Barry himself was the bearer of the bad news in a telephone call to Sharon Dixon on Jan. 31. The call came just before Barry sent Ray to a meeting of City Council members at which a slate Barry and the others had drawn up was to be unveiled.

"I called Sharon and said that I had a number of concerns . . . and I had run into some questions about whether she should be supported. I had some of my own questions," Barry recalled the other day.

Dixon got the message. "He said he would not be supporting me for reelection. He said he had friends, among whom were John Ray, who had problems with me," she said. "There were also some problems his friends had with Arrington, that Arrington had not been a dependable vote.

"That's what really took me aback, that there were some differences between Arrington and Marion that would be a reason for sanctioning me . . . I told him I regretted his decision, that he had hyped my adrenaline and I would stand for reelection anyway."

At that point, her husband is said to have stormed up to the mayor's office to complain.On the following Saturday, Chairman Dixon, Barry, Fauntroy, Kane and Ray met. Knowing that if a vote were taken, it would underscore sharp division in the upper ranks of the council party leadership, they decided not to endorse anyone.

Fauntroy was in the most difficult position. Sharon Dixon is a close friend of his and Marilyn Brown introduced him to his wife. Fauntroy pleaded with his colleagues for a no-vote and got it.

But Sharon Dixon's adrenaline was already pumping. She first garnered support among members of the council, some of whom were said to be hesitant about offending her husband since he doled out the committee assignments and staff allotments on the council.

Later, in what one listener describes as an "impassioned plea" to the state committee, Sharon Dixon made her case for being on the proposed ticket on the basis that she, like many of them, had worked hard through the years and deserved reelection. She was well received and even got support from some of Barry's stronger supporters on the committee. They were more concerned about state committee unity than the mayor's whims.

Last Saturday, there was another meeting at which the big five tentatively agreed to keep Dixon on the slate. Barry, Ray and Kane lost.

"The mayor may have misread a factionalism that wasn't there. There was more of a desire on the part of the committee members to work together than might have been apparent," Kane said.

Barry, refusing to flatly acknowledge that he is supporting Sharon Dixon, disagreed. He said he had scored a victory by creating more discussion in the state committee.

"I have created more dialogue in the last week and a half than in the last six months," Barry said. "Where have I lost? I've gained a little bit more respect around here."

Meanwhile, National Committeeman John Hechinger seems to have locked up near unanimous support for reelection, along with his alternate Joseph B. Carter.

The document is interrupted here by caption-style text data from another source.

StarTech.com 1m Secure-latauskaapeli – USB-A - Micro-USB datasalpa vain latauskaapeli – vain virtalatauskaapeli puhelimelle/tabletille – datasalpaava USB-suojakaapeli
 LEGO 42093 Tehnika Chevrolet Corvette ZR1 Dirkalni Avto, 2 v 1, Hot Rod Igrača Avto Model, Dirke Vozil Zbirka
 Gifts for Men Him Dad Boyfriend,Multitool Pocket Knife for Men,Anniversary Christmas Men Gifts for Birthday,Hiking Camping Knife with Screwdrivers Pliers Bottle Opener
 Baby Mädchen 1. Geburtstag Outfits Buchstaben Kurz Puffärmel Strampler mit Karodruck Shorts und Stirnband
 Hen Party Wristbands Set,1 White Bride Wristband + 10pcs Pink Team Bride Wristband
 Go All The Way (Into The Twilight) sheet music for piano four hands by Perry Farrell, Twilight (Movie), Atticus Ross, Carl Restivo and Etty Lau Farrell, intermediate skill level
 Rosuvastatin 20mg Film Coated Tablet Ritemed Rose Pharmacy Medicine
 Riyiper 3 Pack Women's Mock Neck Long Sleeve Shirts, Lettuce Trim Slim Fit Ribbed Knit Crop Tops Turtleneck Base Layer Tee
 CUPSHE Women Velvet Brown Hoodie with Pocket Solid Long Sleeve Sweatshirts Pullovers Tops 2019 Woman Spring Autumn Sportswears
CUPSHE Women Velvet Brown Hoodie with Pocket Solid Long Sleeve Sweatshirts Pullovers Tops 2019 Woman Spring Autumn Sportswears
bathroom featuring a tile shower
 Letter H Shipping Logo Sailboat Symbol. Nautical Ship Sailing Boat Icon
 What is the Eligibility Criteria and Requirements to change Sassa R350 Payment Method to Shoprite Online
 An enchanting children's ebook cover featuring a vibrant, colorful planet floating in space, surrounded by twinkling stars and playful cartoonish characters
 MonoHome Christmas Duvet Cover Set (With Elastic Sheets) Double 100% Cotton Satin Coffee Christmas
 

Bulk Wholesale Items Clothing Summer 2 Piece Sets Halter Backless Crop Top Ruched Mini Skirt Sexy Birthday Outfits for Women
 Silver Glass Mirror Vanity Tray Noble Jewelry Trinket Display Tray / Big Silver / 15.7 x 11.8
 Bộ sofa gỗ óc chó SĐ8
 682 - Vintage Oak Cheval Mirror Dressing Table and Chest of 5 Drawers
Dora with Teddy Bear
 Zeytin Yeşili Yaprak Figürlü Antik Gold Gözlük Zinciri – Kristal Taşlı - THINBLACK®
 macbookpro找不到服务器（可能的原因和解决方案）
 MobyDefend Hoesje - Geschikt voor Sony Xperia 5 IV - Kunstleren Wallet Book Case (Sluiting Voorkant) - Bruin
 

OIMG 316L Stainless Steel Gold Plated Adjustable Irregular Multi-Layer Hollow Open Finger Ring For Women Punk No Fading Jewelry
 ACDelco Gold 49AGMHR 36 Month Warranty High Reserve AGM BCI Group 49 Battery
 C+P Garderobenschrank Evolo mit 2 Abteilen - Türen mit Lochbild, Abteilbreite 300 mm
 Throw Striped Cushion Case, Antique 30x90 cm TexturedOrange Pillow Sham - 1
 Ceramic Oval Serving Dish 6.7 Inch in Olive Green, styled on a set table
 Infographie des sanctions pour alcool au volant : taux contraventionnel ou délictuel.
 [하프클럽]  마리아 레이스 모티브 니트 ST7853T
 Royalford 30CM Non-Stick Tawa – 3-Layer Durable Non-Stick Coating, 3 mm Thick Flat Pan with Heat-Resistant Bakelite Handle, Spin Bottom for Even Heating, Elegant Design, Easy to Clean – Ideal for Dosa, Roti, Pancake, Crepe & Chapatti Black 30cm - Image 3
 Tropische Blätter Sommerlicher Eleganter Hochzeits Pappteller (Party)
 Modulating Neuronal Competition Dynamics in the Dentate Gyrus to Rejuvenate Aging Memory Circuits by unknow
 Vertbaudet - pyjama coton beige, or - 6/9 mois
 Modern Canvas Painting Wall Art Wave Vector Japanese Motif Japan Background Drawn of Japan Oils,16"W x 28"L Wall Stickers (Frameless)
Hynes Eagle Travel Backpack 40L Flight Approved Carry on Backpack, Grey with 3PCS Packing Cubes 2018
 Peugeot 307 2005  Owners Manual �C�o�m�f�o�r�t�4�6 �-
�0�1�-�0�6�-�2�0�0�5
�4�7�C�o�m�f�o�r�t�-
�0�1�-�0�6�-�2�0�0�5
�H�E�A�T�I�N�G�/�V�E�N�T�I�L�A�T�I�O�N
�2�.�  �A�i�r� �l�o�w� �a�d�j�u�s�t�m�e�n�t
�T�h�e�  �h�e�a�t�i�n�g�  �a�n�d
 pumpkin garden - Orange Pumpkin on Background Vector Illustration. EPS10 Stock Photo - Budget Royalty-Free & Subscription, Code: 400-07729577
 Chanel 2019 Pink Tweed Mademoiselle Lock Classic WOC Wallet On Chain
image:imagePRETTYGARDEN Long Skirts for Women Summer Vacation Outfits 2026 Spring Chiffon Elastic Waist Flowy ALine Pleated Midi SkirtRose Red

Daria Winter, the daughter-in-law of council member Nadine P. Winter, is vying with former Ward 3 Democratic leader Mary Ann Keeffe for the alternate national committeewoman's slot on the ticket.

Marilyn Brown could still be on the ticket, but only as an at-large candidate. If so, she'll be in relatively good company there. Another candidate for one of the 12 at-large seats is Noel W. Kane, council member Betty Ann's husband.